GIVEN DATA
= = = = = = =

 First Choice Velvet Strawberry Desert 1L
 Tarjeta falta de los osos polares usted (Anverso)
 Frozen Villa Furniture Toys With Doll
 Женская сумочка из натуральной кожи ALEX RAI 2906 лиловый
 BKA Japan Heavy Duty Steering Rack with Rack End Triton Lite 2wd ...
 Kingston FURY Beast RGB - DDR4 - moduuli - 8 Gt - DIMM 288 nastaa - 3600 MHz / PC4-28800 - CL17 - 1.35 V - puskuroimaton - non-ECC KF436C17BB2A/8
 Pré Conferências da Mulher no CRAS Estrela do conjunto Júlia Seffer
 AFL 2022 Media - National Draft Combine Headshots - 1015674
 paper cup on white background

= = = = = = =

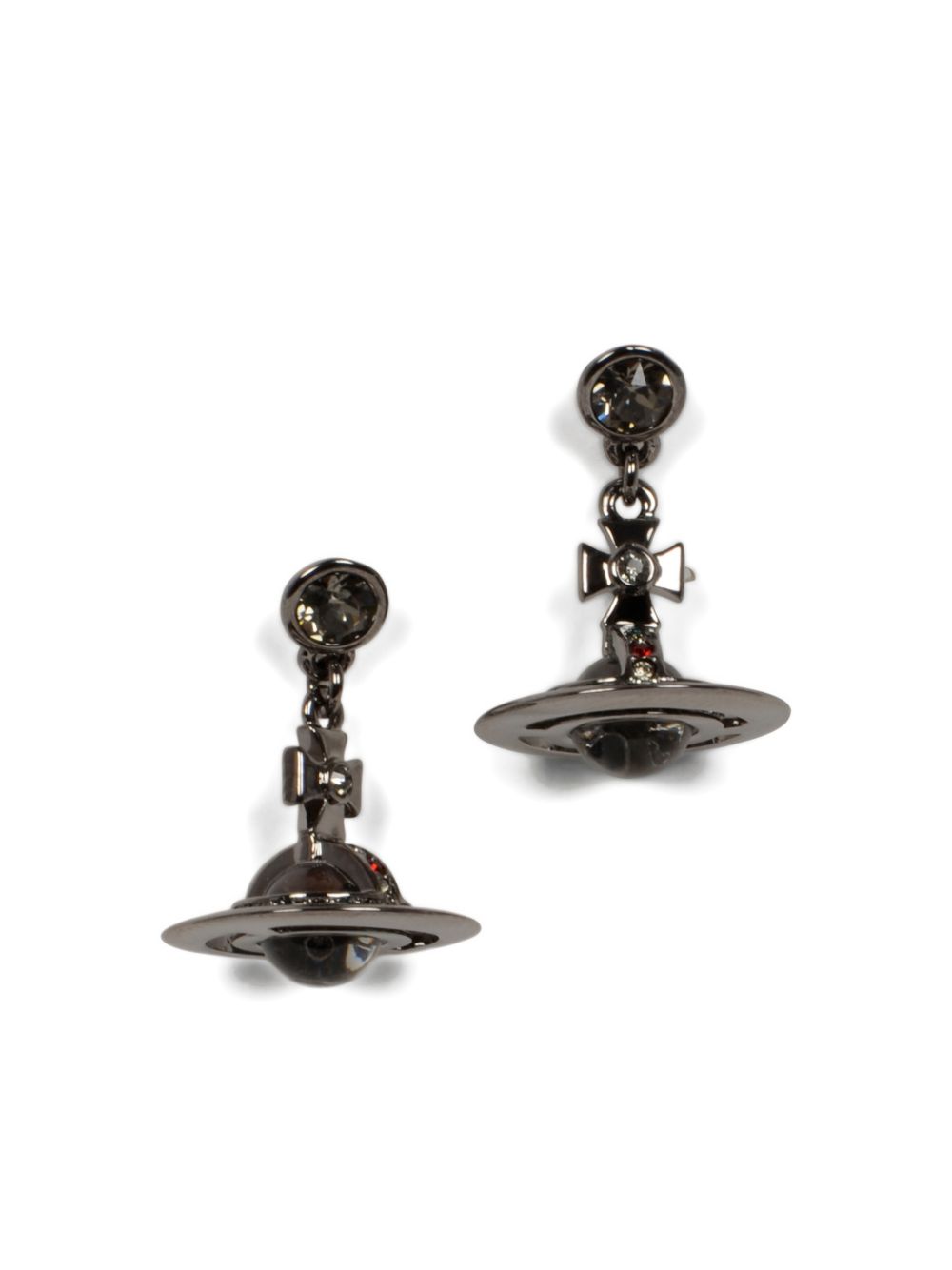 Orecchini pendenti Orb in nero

= = = = = = =

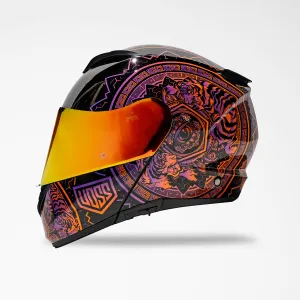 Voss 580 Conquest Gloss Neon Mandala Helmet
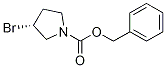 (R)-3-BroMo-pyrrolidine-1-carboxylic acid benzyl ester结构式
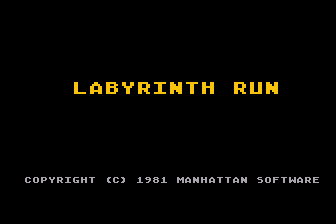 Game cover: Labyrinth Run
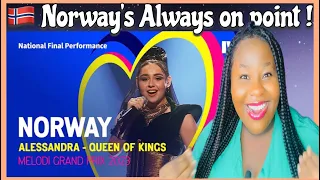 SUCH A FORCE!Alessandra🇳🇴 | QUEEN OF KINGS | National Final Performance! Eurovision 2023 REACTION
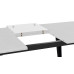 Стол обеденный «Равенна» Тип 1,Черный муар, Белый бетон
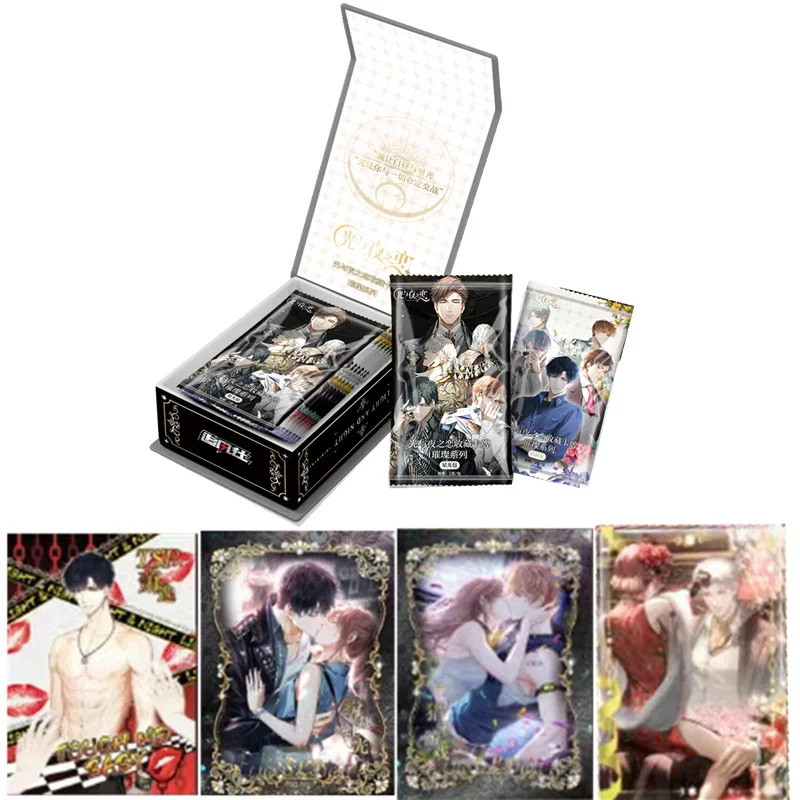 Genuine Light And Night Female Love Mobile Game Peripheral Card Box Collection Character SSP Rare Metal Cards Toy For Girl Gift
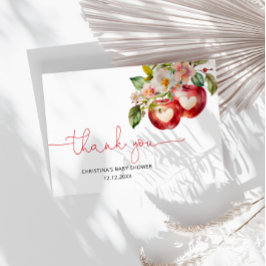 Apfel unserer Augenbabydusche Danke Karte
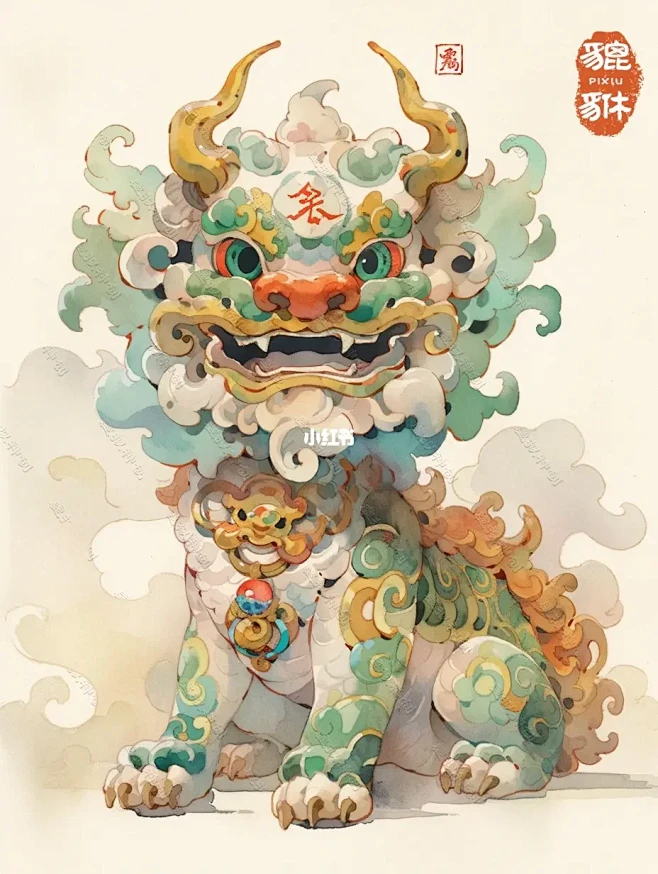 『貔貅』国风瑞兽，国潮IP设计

= = = = = = =

ACTIVITY
Return exactly the lines above from the line that has "First Choice Velvet Strawberry Desert 1L" through the line that has "paper cup on white background", inclusive, and nothing else.

TASK SOLUTION
 First Choice Velvet Strawberry Desert 1L
 Tarjeta falta de los osos polares usted (Anverso)
 Frozen Villa Furniture Toys With Doll
 Женская сумочка из натуральной кожи ALEX RAI 2906 лиловый
 BKA Japan Heavy Duty Steering Rack with Rack End Triton Lite 2wd ...
 Kingston FURY Beast RGB - DDR4 - moduuli - 8 Gt - DIMM 288 nastaa - 3600 MHz / PC4-28800 - CL17 - 1.35 V - puskuroimaton - non-ECC KF436C17BB2A/8
 Pré Conferências da Mulher no CRAS Estrela do conjunto Júlia Seffer
 AFL 2022 Media - National Draft Combine Headshots - 1015674
 paper cup on white background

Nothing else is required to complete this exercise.